My Why
- Grant Winchester

- May 1
- 2 min read
Updated: May 6
I have started on this literary venture with a desire to show my readers the humanity behind the badge. Hundreds of movies, TV series, and novels depict dark, gritty homicide detectives who power through life like battering rams, forcing their way through whatever is necessary to close the case. Few depict what it's truly like to do the job.
Though I won't argue there are significant issues in law enforcement, I have found the vast majority of law enforcement officers to be noble, selfless human beings who are doing their best to do their job and get out alive. That applies both mentally, physically, and emotionally. I've worked in and around law enforcement for the last seventeen years and have both seen and felt the toll it takes.
I have known many solid individuals who started the job with the best intentions, but get carried away by the flood of emotion and tragedy they deal with every day. Police Officers, in almost every encounter, deal with the public on their worst days. The officers are there to experience the pain along with them. I have seen marriages fail, dependence on alcohol and drugs and even a few that took their lives because of the job. Depression, anxiety, sleep disorders, and addiction are all normal parts of every day life for most law enforcement officers.
Movies and TV shows the late-night callouts, but don't show the insomnia and dependence on sleep aids that often follow years of interrupted sleep. Homicide detectives, especially, fall victim to these interruptions. Each scene they attend is the violent end to someone's life. A day with their families is often interrupted by work calls or by the intrusion of images, sights, or sounds that return as they drive past an old scene.

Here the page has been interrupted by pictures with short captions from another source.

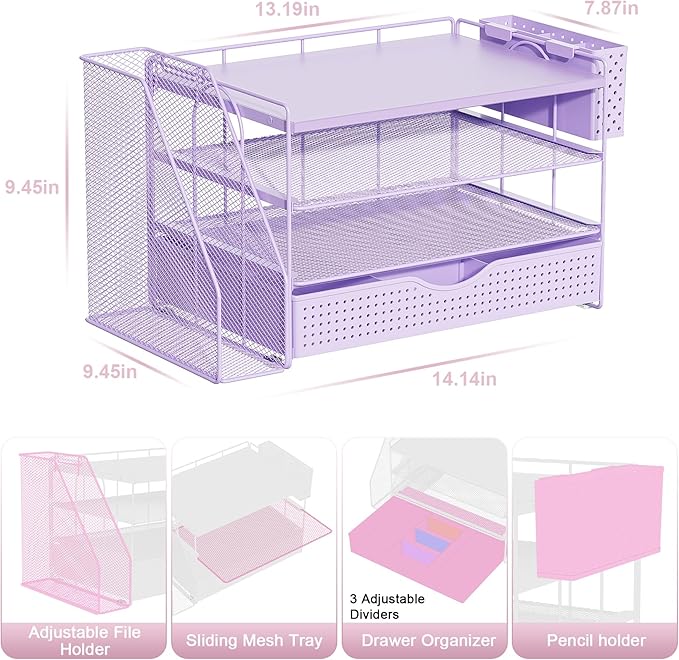 gianotter Wood Desk Organizers and Accessories with File Holder, 4-Tier Desk Accessories & Workspace Organizers with Drawer and Pen Holder, Paper Organizer for Office Supplies (Purple)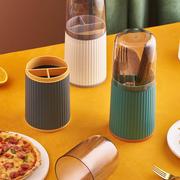 盒子筷架叉盒餐桌收纳架，吸管筒置物架装筷子，筒有盖防尘创意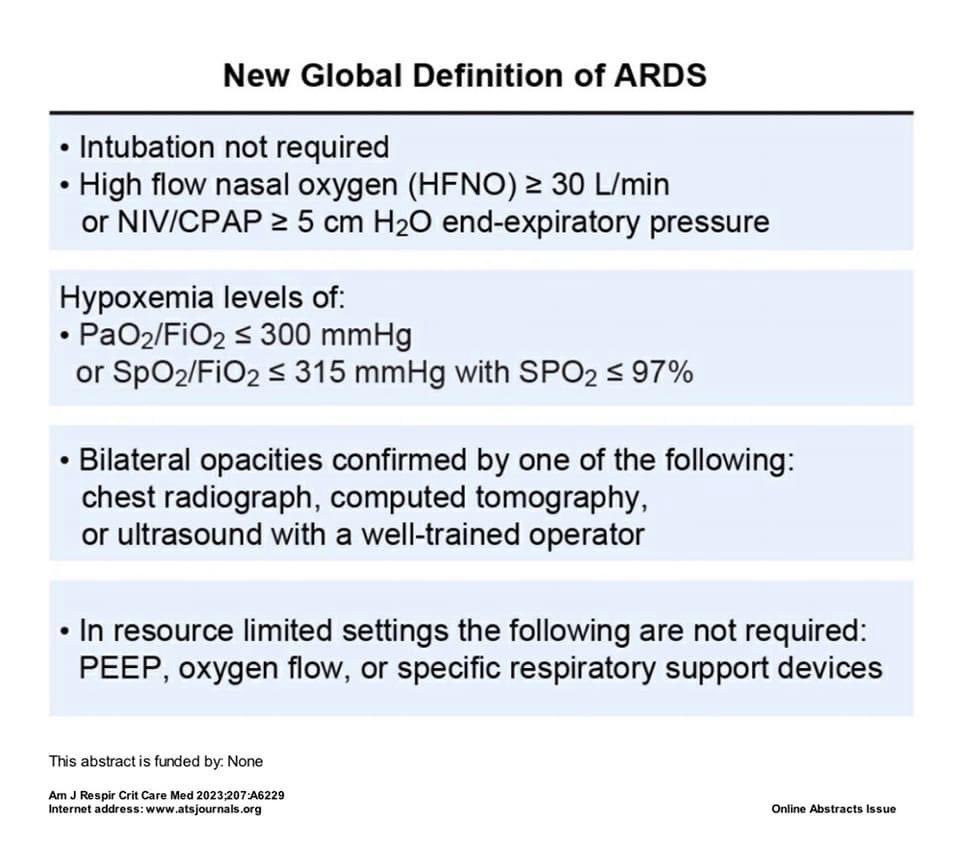 Nueva definición global del síndrome respiratorio agudo
Lo nuevo👇
1⃣HFNO ≥30 L/m
2⃣SpO2/FiO2 ≤315 y SpO2 ≤97
3⃣Diagnóstico de ultrasonido de opacidades bilaterales
4⃣Consideración para configuraciones de recursos limitados

atsjournals.org/doi/abs/10.116…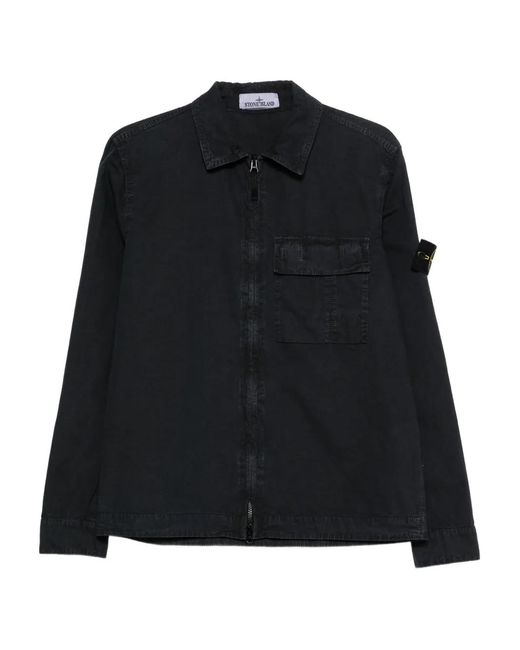 Stone Island Black Zip Pocket Shirt Jacket for men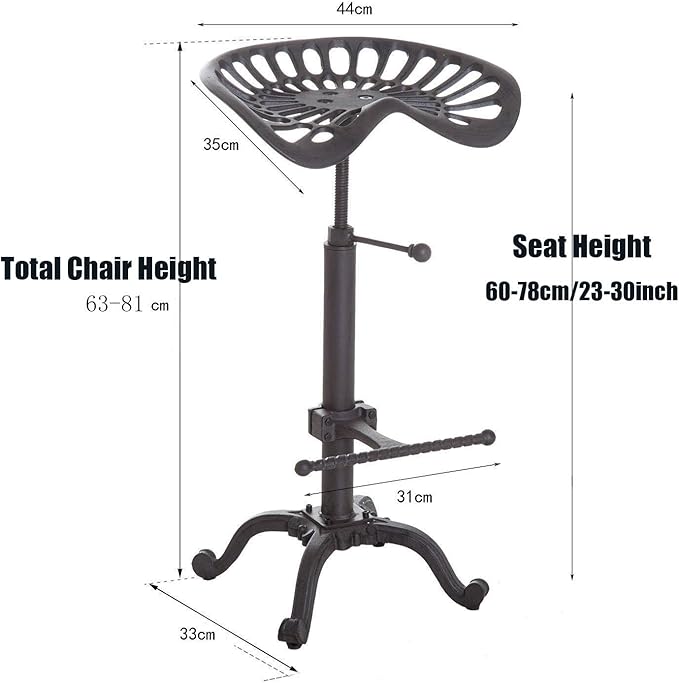 Industrial Bar Stool-Swivel Tractor Seat-Kitchen Dining Counter Chair-Extra Pub Height- Adjustable 24.8-31"-Iron Cast Design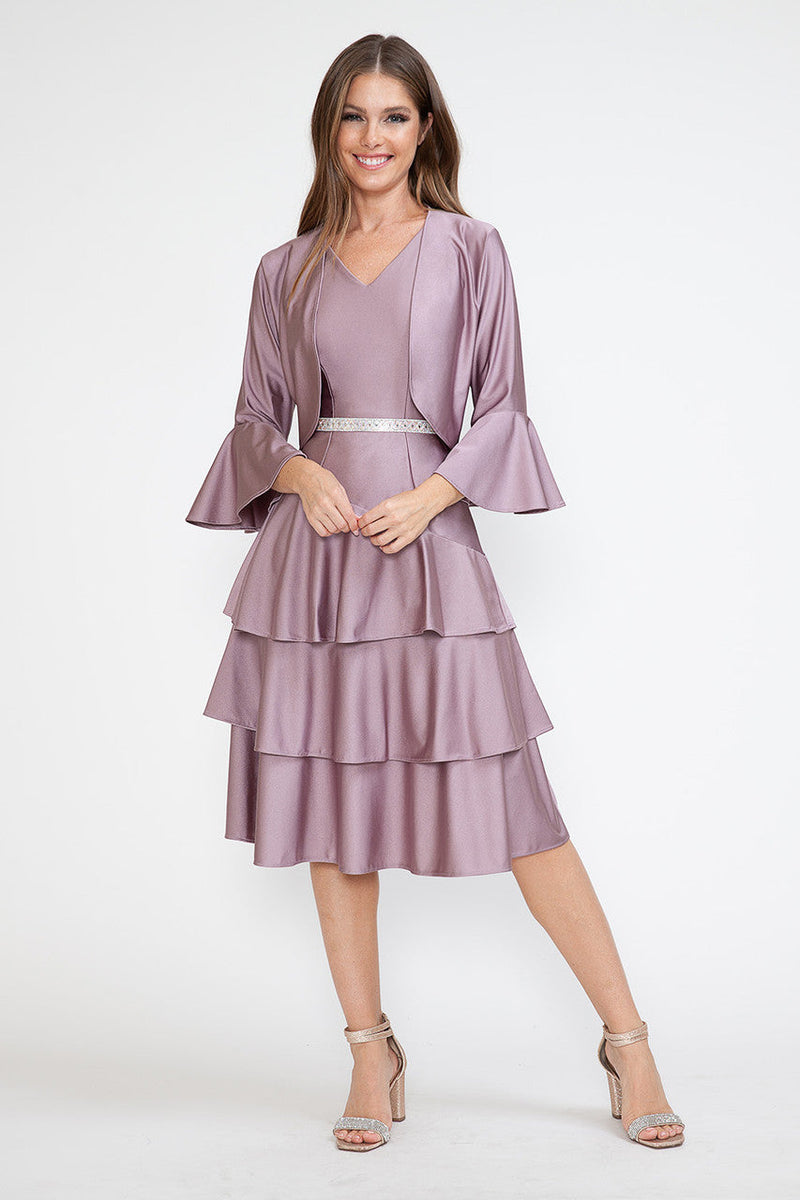 Lenovia 5283 Tiered Skirt Stretch Crepe 2-Piece Jacket Dress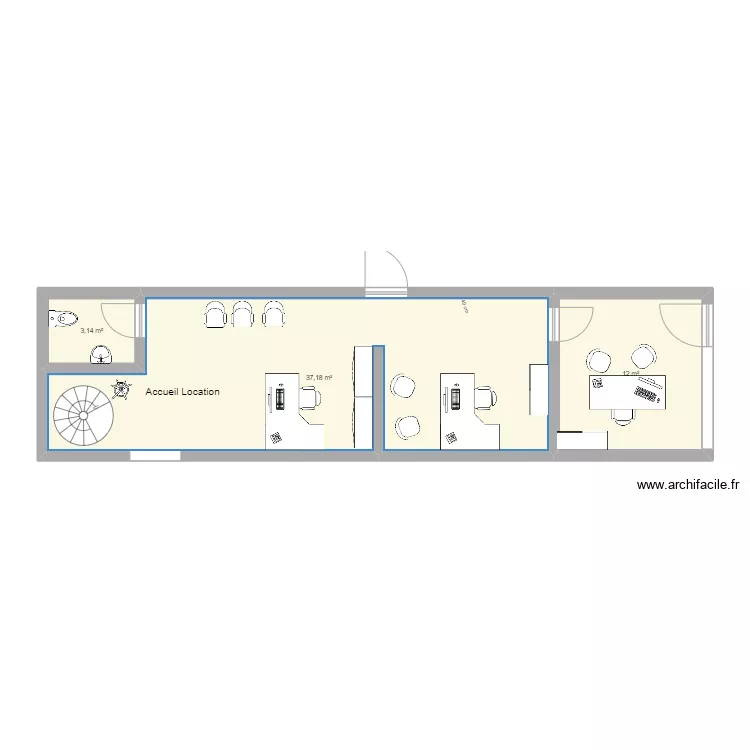 amenagement agence 3 VH d&eacute;di&eacute; location 3 bureaux 2. Plan de 
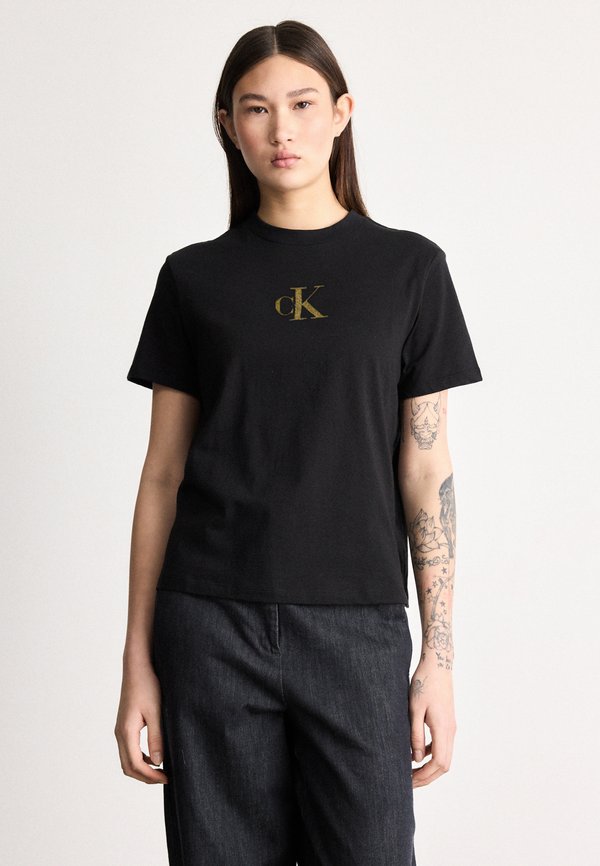 Calvin Klein Jeans CLASSIC FOIL TEE - Print T-shirt - black/silver-coloured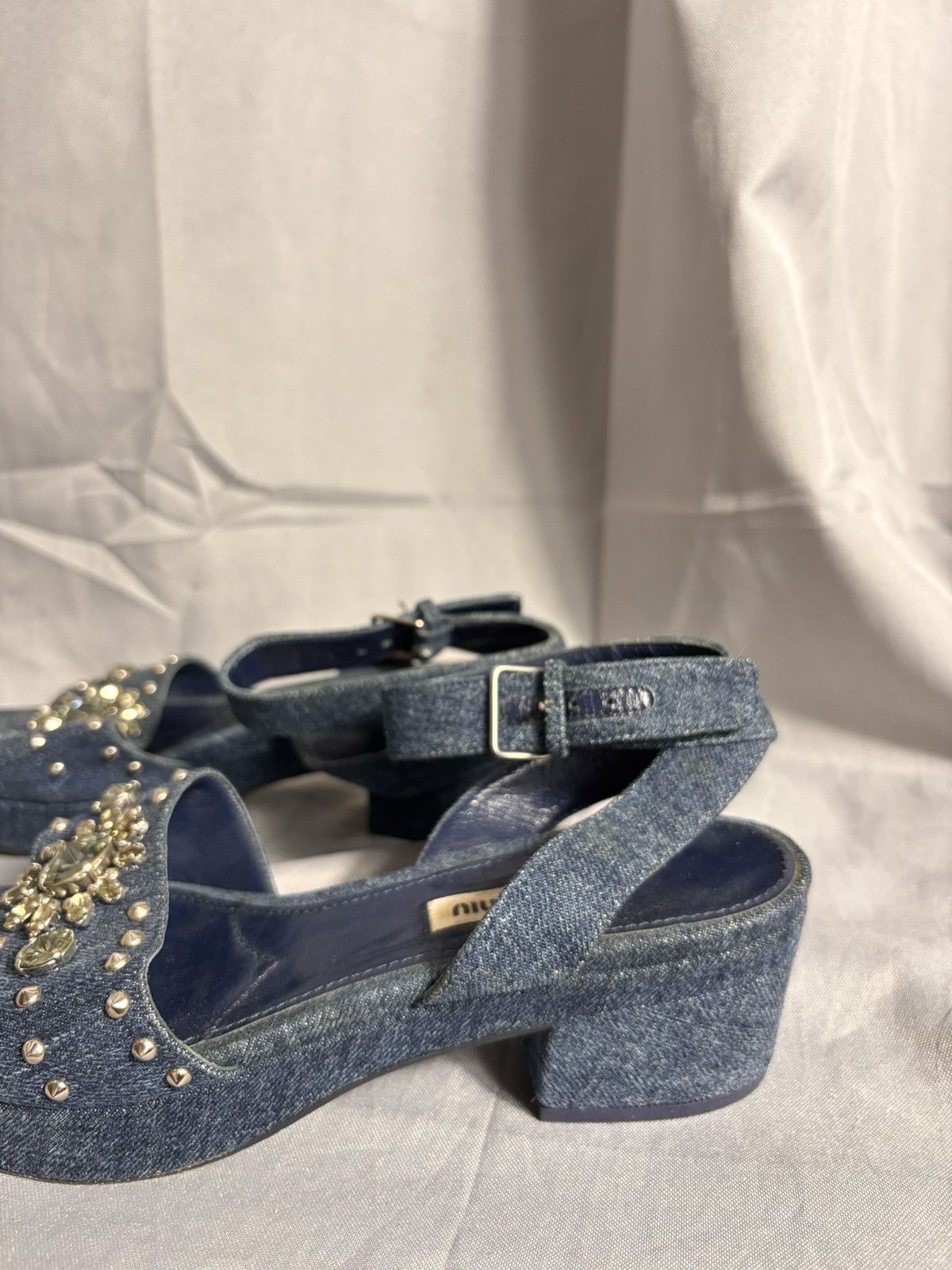 Miu Miu Miu Miu Denim Sandals Size US 7.5 / IT 37.5 - 6 Thumbnail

My new Jameson Greer series will take readers along for the ride as Detective Greer navigates the highs and lows of homicide work. For there is no greater high than catching a killer, and no greater low than sitting with a mother and telling her her child is never coming home. Of all the jobs one can do in law enforcement, I believe homicide work to be the most noble. Detectives walk alongside victims' families through days, weeks, and even years of the investigation or court process. Detectives are often the only people, other than the victim's family, who care about what happened to their loved ones. Carrying this burden is the sacred duty of the homicide detective, and it should not be taken lightly.
I hope each of you enjoys the book coming out this summer, and feels the passion and dedication needed by homicide detectives to close a case.